A dinâmica dos preços imobiliários tem sido um fator determinante no agravamento das desigualdades em diversos países, incluindo Portugal, onde a valorização do mercado habitacional tem ultrapassado os aumentos salariais. Esta tendência repercute-se também no mercado de arrendamento, uma das principais fontes de rendimento para investidores imobiliários e um dos maiores encargos mensais para os arrendatários.
O rendimento familiar, o valor dos imóveis e o custo do financiamento são elementos cruciais que influenciam a participação no mercado imobiliário, seja na compra ou no arrendamento.
A valorização do mercado imobiliário em Portugal a partir de 2017 resultou numa deterioração da acessibilidade à habitação, tanto na compra como no arrendamento, particularmente nas áreas metropolitanas de Lisboa e Porto. Note-se que o rendimento necessário para adquirir uma habitação mediana aumentou consideravelmente nos últimos anos.
Do lado da procura houve alterações significativas na última década, especialmente em Lisboa e Porto, que aumentam fricções no mercado habitacional e pressionam preços.

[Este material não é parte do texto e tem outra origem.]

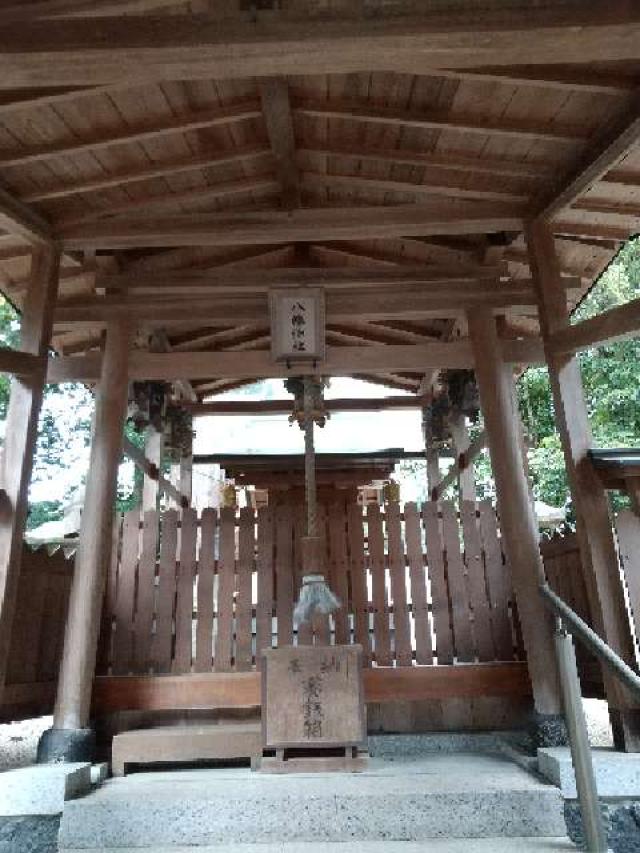 奈良県奈良市山陵町326 山上八幡神社の写真3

Primeiro, houve uma restruturação familiar que contribuiu para o aumento do número de agregados familiares e a diminuição da sua dimensão. Refira-se que a evolução demográfica foi heterogénea em Portugal, com a população da área metropolitana de Lisboa a crescer 1,7%, enquanto a do Porto diminuiu 1,3%.
Segundo, verificou-se um aumento da procura de habitação por parte de estrangeiros em Portugal. Esse investimento é maioritariamente realizado por cidadãos europeus, que têm direitos estabelecidos e inalienáveis a nível nacional para aceder ao mercado, representando os vistos gold uma parte minoritária desse investimento. No âmbito fiscal, entre 2009 e 2020, houve um universo limitado de cerca de 52 mil beneficiários de redução de IRS através do estatuto de residente não habitual.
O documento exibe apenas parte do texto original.